Mi ricordo ancora del servizio di Report sulla gestione 'allegra' (altri termini son pericolosi) di Parma (il ponte da 20Milioni che connette il nulla al niente etc);
cosa rischian in caso di condanna?
2013-01-16 15:42:58
cosa rischian in caso di condanna?

Un seggio al parlamento. Ma devono sbrigarsi.
Ma siamo cosi' sicuri che all'Italia convenga svalutare?
Noi importiamo piu' di quanto esportiamo, e non di poco (soprattutto "grazie" all'energia).


in parole poverissime ci sono due ipotesi "maggiori":

1) l'euro si svaluta rispetto al dollaro. da 1.21 di partenza il cambio è arrivato oggi quasi a 1.40, cioè l'euro si è apprezzato di più del 15% e lo scontiamo nelle nostre esportazioni verso i paesi non UE, cioè il grosso del mercato globale, senza averne in cambio più potere di contrattazione nell'acquisto di petrolio e materie prime, che continuano per volontà di chi vende per la maggior parte ad essere fatti in dollari (quindi come minimo ci si rimette la quota di cambio, ma poi intervengono anche altri meccanismi che tendono a bloccare le quotazioni intorno ai valori della moneta di riferimento).
passo contemporaneo dovrebbe essere la revisione del tasso di cambio reale all'interno dell'area UE, ed è qui (non per il punto precedente) che ci sarebbero le obiezioni più forti dalla germania, che fonda le sue esportazioni nell'area UE.
è un processo politicamente e diplomaticamente molto complesso, che richiede volontà, concertazione e determinazione visti i tempi stretti imposti dal mercato.

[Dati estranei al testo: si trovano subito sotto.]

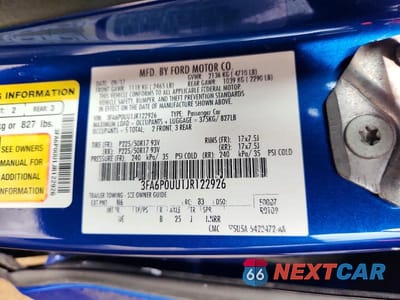 Zdjęcie 12 z 12 samochodu: 2018 FORD FUSION S HYBRID VIN:3FA6P0UU1JR122926 - miniatura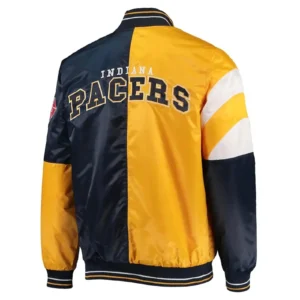 Alternative view of Indiana Pacers Leader Black & Gold Satin Varsity jacket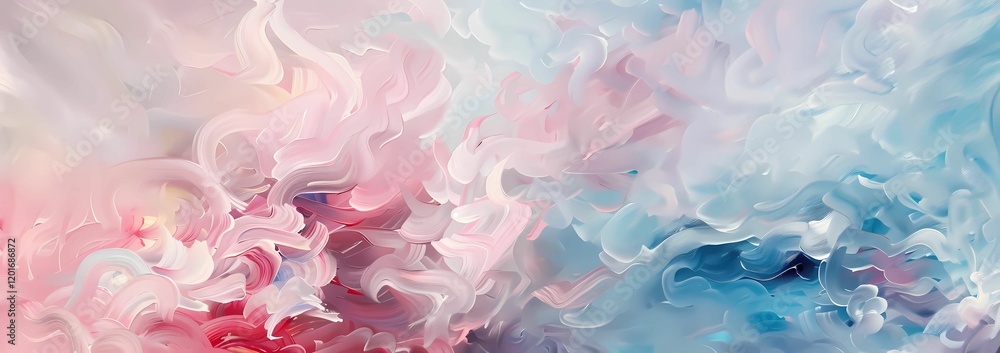 Fototapeta premium Abstract art painting of light pink, red and blue colors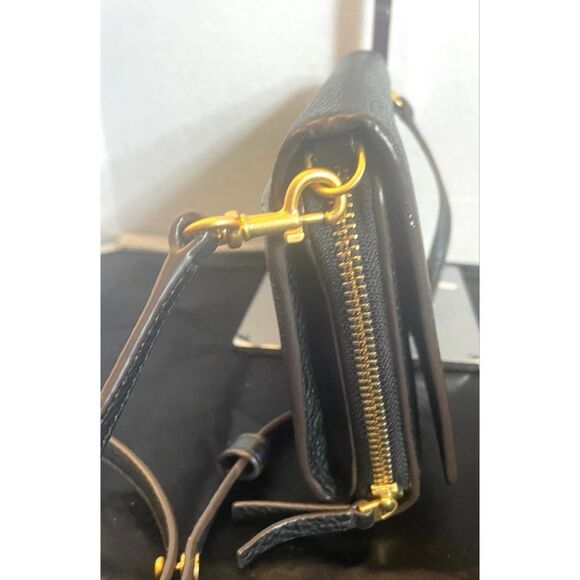 Tory Burch McCraw Black Leather Crossbody Bag Wallet Clutch Purse - Picture 7 of 13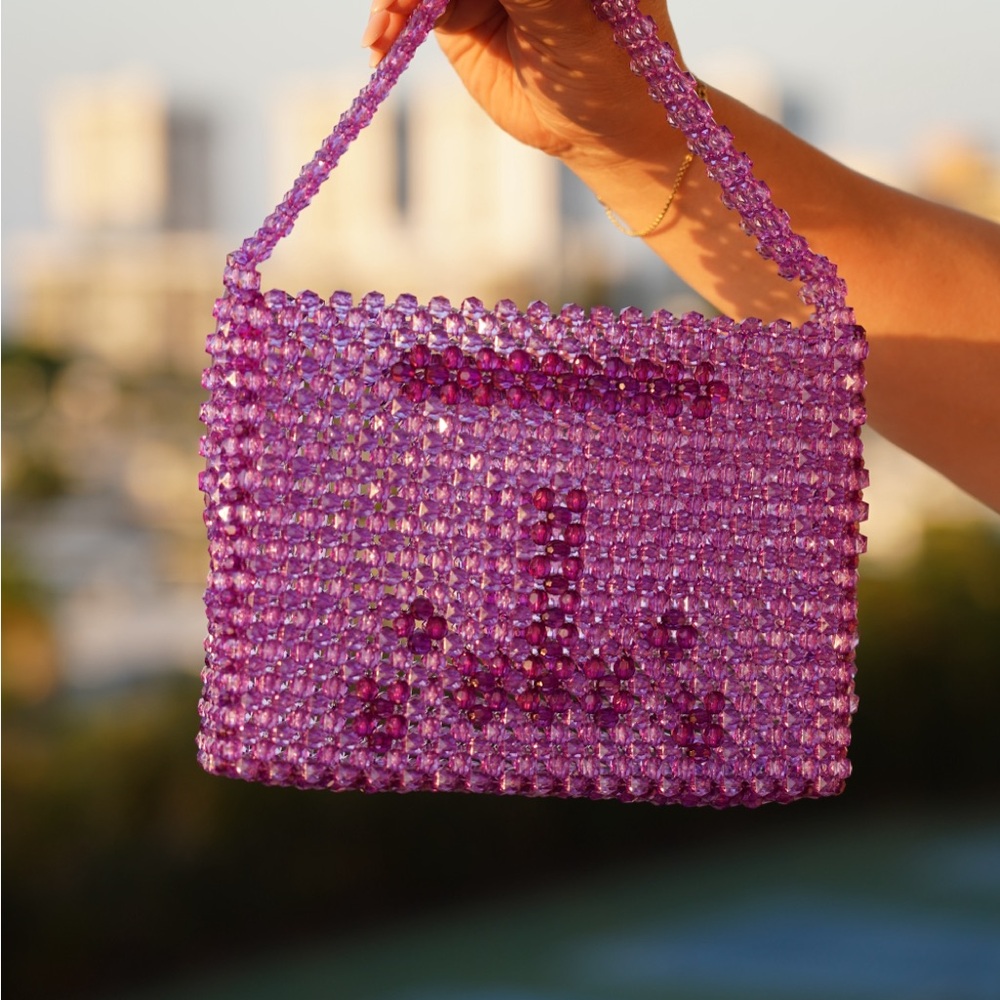 Purple Beaded Handbag - Picture 5 of 5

2) l'italia esce dall'euro, svalutando la "nuova lira" intorno al 25-30%. significa pagare le importazioni il 25-30% in più (materie prime ed energia) per puntare su un costo del prodotto finito molto concorrenziale rispetto agli ex-alleati e quindi all'aumento della richiesta dall'estero, ma anche interna visto che i prodotti esteri ora costerebbero anch'essi di più degli equivalenti italiani.
i sostenitori di questa ipotesi spesso citano la crisi del '92 come termine di paragone, ma nel frattempo la domanda interna di energia è cresciuta del 40%, il prezzo del petrolio è triplicato e i prezzi di ferro, rame, alluminio, carbone sono saliti alle stelle come la dipendenza energetica dell'italia. insomma, rischieremmo davvero di pagarla molto più cara di allora. senza contare che l'uscita dell'italia causerebbe senza dubbio la disgregazione dell'UE con "liberi tutti" finale. privi ormai di ogni vincolo reciproco, nessuno vieterebbe ai singoli paesi di ostacolare con dazi e/o barriere di ogni tipo le importazioni a basso costo dall'italia, pur di salvaguardare le loro produzioni nazionali.
insomma, imho gli svantaggi sarebbero sicuri e immediati, mentre i vantaggi sarebbero a medio termine (cioè quando si stabilizza il nuovo livello di produzione) e incerti.
dire "quando abbiamo svalutato ci è andata sempre bene, ci andrà bene anche stavolta" senza considerare tutte le condizioni al contorno è un po' come essere sicuri che domani non ci sarà tsunami a fukushima solo perchè finora non c'è stato...
Ecco, il punto 2 era quello che volevo dire io...
Noi abbiamo sempre svalutato fino al 2000, ma da qui a dire che e' sempre la cosa giusta da fare ne passa...
Anzi... a quanto pare Passera ha detto che nel 2012 la bilancia export-import e' positiva di 10miliardi...
Meglio che vada ad informarmi un po' meglio...
2013-01-16 18:17:29
i sostenitori di questa ipotesi spesso citano la crisi del '92 come termine di paragone,

già.

ma nel frattempo la domanda interna di energia è cresciuta del 40%

e il pil? almeno due l'80%?

il prezzo del petrolio è triplicato


lo calcoliamo il prezzo al netto dell'inflazione?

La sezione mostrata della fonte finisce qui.